Weekly Exercises: 15% of final grade. Due at the beginning of class. Grading will be on a 5 point scale: 5 for excellent work, 4 for good, 3 for an honest attempt and 0 otherwise. You'll need to do the exercises in order to do well on the exams. You may work on the problem sets in groups of up to three students. When working in a group, please turn in a single set of answers for the group and be sure to list each member's name.

Working in Groups

Weekly Exercises: Working in groups is encouraged on weekly exercises. Please limit the group to no more than three students and list everyone on the answer you submit. It's fine to submit one answer sheet for the whole group. On exercises involving spreadsheets, the spreadsheets may be shared within a group but NOT between groups.
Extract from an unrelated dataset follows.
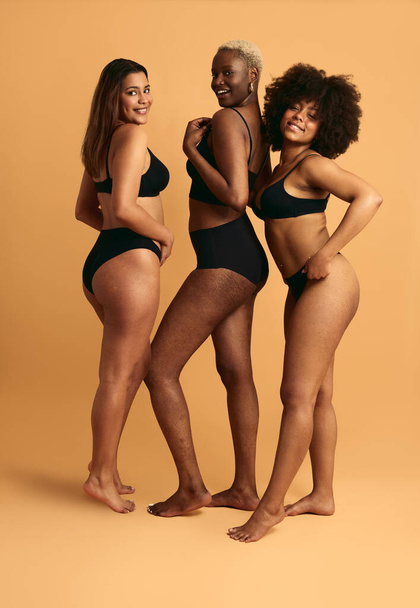 Full body of young multiracial girlfriends in black lingerie standing against orange background smiling and looking at camera - Photo, Image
Policy Memos: On the memo assignments, you may do the analysis (e.g., calculations) with your group but you must write the memo individually. The exposition, from overall structure down to the actual text, should be yours alone. If you have any questions about this rule, please don't hesitate to ask.

Exams: Working in groups is absolutely prohibited on exams.

Drawing Graphs

All graphs and diagrams this semester can be drawn by hand. They should be neat and scaled appropriately, so it's probably a good idea to use graph paper. You do NOT need to draw them electronically, even for the two memos. For many of the diagrams, it's much more trouble than it's worth to draw them on a computer unless you have specialized software.

Academic Integrity

Syracuse University’s Academic Integrity Policy, found at the URL below, reflects the high value that we, as a university community, place on honesty in academic work. The policy defines our expectations for academic honesty and holds students accountable for the integrity of all work they submit. Students should understand that it is their responsibility to learn about course-specific expectations, as well as about university-wide academic integrity expectations. The policy governs appropriate citation and use of sources, the integrity of work submitted in exams and assignments, and the veracity of signatures on attendance sheets and other verification of participation in class activities. The policy also prohibits students from submitting the same work in more than one class without receiving written authorization in advance from both instructors. Under the policy, students found in violation are subject to grade sanctions determined by the course instructor and non-grade sanctions determined by the School or College where the course is offered as described in the Violation and Sanction Classification Rubric. SU students are required to read an online summary of the University’s academic integrity expectations and provide an electronic signature agreeing to abide by them twice a year during pre-term check-in on MySlice.

Disability-Related Accommodations

If you need accommodations for a disability, please contact the Office of Disability Services (ODS), visit the ODS website below, or visit the ODS office in Room 309 of 804 University Avenue, or call (315) 443-4498 or TDD: (315) 443-1371 for an appointment to discuss your needs and the process for requesting accommodations. ODS is responsible for coordinating disability-related accommodations and will issue students with documented Disabilities Accommodation Authorization Letters, as appropriate. Since accommodations may require early planning and generally are not provided retroactively, please contact ODS as soon as possible.

Religious Observances

SU religious observances notification and policy, found at the URL below, recognizes the diversity of faiths represented among the campus community and protects the rights of students, faculty, and staff to observe religious holidays according to their tradition.  Under the policy, students are provided an opportunity to make up any examination, study, or work requirements that may be missed due to a religious observance provided they notify their instructors before the end of the second week of classes for regular session classes and by the submission deadline for flexibly formatted classes. If you prefer, however, you can notify me directly by email. In either case, just check with me and we'll work out an arrangement that fits your schedule.